PROBLEM DETAILS: One part of the entries below is wanted: the lines from the one containing "Nylon Panel Tee / Plaster" through the one containing "Geometric Blue and". Write those out exactly and nothing else.
(Beginning of RECORDS PROVIDED)
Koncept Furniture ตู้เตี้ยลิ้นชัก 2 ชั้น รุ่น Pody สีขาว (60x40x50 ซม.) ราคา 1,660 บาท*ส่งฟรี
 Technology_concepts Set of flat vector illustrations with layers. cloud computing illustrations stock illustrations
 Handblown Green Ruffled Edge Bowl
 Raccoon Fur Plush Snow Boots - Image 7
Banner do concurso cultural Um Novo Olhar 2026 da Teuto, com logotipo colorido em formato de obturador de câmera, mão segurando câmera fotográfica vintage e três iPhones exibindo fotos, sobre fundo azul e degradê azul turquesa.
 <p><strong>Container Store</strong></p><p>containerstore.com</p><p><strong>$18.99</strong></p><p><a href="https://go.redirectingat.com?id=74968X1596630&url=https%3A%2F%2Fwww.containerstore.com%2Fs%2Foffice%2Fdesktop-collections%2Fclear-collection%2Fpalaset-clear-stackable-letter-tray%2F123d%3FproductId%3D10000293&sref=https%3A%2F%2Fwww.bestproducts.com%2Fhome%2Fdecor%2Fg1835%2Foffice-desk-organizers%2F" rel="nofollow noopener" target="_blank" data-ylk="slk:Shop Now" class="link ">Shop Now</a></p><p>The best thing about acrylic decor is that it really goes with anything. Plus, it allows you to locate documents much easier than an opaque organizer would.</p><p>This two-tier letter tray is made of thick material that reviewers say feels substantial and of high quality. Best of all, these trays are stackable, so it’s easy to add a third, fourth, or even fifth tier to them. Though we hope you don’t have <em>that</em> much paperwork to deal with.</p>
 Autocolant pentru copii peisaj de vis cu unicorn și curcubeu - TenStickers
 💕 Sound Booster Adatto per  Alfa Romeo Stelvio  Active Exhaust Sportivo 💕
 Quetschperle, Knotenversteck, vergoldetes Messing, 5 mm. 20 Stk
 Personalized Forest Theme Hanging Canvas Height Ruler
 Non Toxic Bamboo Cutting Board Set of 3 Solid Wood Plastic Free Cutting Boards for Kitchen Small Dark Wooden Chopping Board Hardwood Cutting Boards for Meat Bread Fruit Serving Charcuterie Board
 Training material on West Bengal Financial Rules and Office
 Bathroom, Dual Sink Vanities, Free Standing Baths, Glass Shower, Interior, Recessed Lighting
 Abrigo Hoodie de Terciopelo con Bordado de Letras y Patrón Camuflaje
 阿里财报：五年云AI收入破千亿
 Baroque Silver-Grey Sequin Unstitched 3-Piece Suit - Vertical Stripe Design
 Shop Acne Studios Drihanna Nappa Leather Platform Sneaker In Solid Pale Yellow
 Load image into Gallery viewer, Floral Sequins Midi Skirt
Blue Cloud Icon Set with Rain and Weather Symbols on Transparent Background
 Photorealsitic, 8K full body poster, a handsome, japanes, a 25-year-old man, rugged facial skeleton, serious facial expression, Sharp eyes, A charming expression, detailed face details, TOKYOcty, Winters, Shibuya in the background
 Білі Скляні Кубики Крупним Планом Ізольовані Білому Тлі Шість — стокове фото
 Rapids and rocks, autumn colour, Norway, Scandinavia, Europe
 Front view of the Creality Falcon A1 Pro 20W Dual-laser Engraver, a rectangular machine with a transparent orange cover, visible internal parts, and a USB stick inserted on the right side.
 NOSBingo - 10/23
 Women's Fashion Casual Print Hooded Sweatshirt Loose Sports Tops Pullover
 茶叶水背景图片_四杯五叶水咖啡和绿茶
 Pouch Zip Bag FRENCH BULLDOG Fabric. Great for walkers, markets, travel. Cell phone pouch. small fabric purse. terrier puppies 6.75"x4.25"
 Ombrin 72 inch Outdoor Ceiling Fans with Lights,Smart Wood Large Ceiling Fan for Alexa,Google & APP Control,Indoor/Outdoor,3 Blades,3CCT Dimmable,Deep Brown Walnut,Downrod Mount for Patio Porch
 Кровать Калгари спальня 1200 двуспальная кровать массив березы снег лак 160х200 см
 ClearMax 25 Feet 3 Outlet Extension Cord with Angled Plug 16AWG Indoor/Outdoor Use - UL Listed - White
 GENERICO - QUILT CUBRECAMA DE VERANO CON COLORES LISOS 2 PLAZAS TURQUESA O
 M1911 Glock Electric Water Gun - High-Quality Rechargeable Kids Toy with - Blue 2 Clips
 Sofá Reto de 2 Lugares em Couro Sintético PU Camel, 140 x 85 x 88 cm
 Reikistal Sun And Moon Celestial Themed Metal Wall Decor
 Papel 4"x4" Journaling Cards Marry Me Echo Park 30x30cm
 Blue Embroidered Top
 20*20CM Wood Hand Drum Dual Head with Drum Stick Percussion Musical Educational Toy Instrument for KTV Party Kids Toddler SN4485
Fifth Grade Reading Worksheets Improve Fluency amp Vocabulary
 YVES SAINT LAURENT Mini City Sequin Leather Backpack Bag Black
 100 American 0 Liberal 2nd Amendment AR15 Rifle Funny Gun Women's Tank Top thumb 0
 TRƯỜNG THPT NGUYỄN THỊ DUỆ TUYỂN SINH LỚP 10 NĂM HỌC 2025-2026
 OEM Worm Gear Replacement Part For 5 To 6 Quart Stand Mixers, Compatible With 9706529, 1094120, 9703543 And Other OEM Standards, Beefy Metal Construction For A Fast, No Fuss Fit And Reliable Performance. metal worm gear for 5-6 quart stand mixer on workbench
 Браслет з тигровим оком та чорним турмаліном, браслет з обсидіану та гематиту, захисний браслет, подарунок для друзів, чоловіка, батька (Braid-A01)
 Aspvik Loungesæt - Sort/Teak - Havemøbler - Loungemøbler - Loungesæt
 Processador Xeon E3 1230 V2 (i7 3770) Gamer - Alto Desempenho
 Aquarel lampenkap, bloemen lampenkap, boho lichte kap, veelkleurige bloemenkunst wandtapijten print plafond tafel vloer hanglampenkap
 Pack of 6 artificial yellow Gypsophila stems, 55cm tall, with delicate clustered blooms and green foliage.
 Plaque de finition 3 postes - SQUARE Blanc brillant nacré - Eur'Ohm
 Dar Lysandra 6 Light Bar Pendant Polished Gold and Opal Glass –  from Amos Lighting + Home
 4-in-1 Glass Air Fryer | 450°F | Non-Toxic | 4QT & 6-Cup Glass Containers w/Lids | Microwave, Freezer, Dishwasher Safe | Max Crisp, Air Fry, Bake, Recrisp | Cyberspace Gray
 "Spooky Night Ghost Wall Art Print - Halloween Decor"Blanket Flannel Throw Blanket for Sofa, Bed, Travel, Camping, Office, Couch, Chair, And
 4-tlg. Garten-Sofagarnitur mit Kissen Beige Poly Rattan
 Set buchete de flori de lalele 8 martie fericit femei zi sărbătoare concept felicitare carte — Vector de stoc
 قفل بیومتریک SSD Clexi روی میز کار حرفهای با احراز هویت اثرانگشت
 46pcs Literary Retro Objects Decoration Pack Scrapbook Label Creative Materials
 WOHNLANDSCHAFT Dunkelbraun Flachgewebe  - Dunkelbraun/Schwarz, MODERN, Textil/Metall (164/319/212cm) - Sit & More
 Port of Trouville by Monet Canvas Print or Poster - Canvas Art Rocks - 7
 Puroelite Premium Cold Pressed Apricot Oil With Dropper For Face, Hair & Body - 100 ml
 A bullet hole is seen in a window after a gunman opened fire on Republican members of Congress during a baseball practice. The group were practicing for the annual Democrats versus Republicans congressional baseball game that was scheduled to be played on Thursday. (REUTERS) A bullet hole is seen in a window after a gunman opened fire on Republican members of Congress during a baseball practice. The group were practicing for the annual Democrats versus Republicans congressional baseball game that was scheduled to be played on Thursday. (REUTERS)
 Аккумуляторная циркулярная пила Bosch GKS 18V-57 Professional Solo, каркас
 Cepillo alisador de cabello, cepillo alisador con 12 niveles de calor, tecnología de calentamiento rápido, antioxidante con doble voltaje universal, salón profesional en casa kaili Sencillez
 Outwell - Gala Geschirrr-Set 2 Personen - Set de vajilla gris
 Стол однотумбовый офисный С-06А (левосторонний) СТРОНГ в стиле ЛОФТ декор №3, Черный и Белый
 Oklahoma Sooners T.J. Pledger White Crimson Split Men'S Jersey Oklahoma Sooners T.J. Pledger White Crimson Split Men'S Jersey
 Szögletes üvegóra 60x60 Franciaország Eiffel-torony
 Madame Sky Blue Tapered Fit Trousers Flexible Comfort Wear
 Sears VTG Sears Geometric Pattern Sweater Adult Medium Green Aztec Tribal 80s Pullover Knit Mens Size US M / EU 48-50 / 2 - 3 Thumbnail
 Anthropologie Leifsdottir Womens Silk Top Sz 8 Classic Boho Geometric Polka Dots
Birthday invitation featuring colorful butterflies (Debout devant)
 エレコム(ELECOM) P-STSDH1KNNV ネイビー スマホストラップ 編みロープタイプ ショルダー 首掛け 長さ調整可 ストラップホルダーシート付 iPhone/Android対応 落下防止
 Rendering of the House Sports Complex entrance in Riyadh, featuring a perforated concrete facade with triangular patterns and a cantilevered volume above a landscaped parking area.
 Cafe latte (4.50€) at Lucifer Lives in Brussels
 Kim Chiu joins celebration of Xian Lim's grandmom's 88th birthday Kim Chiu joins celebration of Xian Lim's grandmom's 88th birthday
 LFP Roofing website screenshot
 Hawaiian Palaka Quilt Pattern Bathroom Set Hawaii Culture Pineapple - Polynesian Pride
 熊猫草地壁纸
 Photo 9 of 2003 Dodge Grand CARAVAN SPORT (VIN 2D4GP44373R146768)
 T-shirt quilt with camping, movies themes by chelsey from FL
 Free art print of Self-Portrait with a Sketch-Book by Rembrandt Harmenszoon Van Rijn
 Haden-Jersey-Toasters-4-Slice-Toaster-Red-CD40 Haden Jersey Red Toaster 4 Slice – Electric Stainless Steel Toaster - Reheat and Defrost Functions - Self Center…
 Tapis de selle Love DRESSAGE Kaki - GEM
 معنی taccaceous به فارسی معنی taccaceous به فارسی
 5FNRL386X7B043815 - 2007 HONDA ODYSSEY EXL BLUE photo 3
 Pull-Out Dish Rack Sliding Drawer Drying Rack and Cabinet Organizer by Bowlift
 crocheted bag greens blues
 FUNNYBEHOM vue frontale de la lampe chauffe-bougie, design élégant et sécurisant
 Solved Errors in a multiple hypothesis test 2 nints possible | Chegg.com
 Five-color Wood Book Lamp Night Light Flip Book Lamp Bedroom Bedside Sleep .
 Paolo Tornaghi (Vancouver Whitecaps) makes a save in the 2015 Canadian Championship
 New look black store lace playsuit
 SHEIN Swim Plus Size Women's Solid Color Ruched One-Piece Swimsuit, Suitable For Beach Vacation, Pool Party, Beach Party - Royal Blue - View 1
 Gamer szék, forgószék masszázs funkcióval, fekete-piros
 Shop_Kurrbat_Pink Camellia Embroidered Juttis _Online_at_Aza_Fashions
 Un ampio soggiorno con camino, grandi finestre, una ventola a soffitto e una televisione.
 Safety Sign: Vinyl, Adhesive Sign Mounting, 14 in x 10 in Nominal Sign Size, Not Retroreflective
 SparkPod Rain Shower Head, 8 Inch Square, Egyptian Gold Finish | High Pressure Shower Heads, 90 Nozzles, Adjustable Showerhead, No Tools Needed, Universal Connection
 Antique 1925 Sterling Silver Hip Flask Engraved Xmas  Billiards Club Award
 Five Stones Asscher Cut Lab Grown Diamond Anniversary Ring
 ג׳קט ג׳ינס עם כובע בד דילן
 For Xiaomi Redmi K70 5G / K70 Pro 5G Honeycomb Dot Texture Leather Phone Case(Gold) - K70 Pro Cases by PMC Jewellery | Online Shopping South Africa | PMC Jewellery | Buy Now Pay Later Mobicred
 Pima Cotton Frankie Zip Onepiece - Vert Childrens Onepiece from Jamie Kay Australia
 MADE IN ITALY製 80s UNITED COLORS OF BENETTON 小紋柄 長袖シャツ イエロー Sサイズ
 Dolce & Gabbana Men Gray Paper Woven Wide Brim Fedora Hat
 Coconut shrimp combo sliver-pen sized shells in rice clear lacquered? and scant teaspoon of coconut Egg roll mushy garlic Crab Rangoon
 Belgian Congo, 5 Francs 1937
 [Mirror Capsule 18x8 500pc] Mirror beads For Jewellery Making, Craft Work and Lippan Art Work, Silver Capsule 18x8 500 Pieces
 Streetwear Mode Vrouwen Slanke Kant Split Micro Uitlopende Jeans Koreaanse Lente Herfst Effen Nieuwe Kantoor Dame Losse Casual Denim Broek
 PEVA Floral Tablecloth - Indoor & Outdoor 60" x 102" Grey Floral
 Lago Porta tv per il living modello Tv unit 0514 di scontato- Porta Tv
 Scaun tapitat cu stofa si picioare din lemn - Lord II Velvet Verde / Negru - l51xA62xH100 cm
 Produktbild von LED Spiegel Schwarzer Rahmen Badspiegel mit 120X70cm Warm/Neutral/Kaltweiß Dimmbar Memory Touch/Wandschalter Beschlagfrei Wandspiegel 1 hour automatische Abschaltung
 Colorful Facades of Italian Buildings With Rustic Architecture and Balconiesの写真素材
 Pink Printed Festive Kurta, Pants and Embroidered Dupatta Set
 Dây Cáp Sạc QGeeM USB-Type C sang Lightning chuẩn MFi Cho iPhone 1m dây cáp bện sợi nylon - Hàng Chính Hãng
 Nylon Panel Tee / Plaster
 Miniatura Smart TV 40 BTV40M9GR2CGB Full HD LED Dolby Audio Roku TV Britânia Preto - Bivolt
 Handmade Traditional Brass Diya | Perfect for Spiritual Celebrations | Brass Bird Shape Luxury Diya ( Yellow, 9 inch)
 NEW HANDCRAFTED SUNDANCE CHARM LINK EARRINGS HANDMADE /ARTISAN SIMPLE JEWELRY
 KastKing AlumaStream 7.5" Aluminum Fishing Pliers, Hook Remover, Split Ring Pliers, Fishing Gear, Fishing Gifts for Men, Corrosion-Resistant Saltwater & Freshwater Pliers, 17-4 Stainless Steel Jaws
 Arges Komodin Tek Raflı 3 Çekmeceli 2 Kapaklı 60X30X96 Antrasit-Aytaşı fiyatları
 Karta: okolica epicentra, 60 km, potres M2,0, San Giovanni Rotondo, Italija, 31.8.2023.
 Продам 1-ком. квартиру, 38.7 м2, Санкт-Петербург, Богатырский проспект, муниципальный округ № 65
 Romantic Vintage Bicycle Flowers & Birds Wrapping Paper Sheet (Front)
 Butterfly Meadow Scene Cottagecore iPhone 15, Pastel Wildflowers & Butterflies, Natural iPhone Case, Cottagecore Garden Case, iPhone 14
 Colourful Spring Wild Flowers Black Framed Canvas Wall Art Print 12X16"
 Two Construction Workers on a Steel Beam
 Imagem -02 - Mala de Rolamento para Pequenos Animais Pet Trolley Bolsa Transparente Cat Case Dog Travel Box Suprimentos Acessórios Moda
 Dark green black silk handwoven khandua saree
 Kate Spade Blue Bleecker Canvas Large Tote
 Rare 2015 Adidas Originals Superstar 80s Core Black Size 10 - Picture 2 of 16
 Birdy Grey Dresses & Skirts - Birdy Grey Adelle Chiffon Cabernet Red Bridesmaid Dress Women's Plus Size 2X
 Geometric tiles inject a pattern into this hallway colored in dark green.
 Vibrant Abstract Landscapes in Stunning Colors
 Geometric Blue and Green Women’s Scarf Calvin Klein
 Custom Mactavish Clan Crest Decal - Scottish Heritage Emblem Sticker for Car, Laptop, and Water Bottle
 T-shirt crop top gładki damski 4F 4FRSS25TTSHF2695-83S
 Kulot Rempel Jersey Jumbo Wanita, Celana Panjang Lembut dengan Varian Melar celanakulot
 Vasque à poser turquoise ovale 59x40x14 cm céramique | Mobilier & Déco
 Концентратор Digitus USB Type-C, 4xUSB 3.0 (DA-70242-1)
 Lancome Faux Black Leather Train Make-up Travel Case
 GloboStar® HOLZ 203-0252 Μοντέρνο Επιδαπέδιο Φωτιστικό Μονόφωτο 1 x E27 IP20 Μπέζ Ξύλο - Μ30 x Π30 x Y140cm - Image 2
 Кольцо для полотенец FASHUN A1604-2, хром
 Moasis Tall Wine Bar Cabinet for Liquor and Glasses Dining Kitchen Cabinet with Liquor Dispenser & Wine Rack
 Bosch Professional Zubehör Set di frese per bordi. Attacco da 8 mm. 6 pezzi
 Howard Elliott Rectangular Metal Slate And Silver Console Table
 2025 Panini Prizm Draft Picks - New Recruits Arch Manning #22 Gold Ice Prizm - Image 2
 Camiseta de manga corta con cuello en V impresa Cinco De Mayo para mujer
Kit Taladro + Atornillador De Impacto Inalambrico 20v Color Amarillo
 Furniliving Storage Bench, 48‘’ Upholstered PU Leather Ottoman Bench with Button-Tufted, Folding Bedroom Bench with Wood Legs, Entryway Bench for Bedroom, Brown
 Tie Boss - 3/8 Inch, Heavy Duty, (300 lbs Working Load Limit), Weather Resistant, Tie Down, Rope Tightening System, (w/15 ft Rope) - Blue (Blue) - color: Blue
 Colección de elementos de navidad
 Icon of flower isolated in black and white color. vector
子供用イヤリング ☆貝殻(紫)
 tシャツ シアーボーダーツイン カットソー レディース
(End of RECORDS PROVIDED)
WRITTEN SOLUTION:
 Nylon Panel Tee / Plaster
 Miniatura Smart TV 40 BTV40M9GR2CGB Full HD LED Dolby Audio Roku TV Britânia Preto - Bivolt
 Handmade Traditional Brass Diya | Perfect for Spiritual Celebrations | Brass Bird Shape Luxury Diya ( Yellow, 9 inch)
 NEW HANDCRAFTED SUNDANCE CHARM LINK EARRINGS HANDMADE /ARTISAN SIMPLE JEWELRY
 KastKing AlumaStream 7.5" Aluminum Fishing Pliers, Hook Remover, Split Ring Pliers, Fishing Gear, Fishing Gifts for Men, Corrosion-Resistant Saltwater & Freshwater Pliers, 17-4 Stainless Steel Jaws
 Arges Komodin Tek Raflı 3 Çekmeceli 2 Kapaklı 60X30X96 Antrasit-Aytaşı fiyatları
 Karta: okolica epicentra, 60 km, potres M2,0, San Giovanni Rotondo, Italija, 31.8.2023.
 Продам 1-ком. квартиру, 38.7 м2, Санкт-Петербург, Богатырский проспект, муниципальный округ № 65
 Romantic Vintage Bicycle Flowers & Birds Wrapping Paper Sheet (Front)
 Butterfly Meadow Scene Cottagecore iPhone 15, Pastel Wildflowers & Butterflies, Natural iPhone Case, Cottagecore Garden Case, iPhone 14
 Colourful Spring Wild Flowers Black Framed Canvas Wall Art Print 12X16"
 Two Construction Workers on a Steel Beam
 Imagem -02 - Mala de Rolamento para Pequenos Animais Pet Trolley Bolsa Transparente Cat Case Dog Travel Box Suprimentos Acessórios Moda
 Dark green black silk handwoven khandua saree
 Kate Spade Blue Bleecker Canvas Large Tote
 Rare 2015 Adidas Originals Superstar 80s Core Black Size 10 - Picture 2 of 16
 Birdy Grey Dresses & Skirts - Birdy Grey Adelle Chiffon Cabernet Red Bridesmaid Dress Women's Plus Size 2X
 Geometric tiles inject a pattern into this hallway colored in dark green.
 Vibrant Abstract Landscapes in Stunning Colors
 Geometric Blue and Green Women’s Scarf Calvin Klein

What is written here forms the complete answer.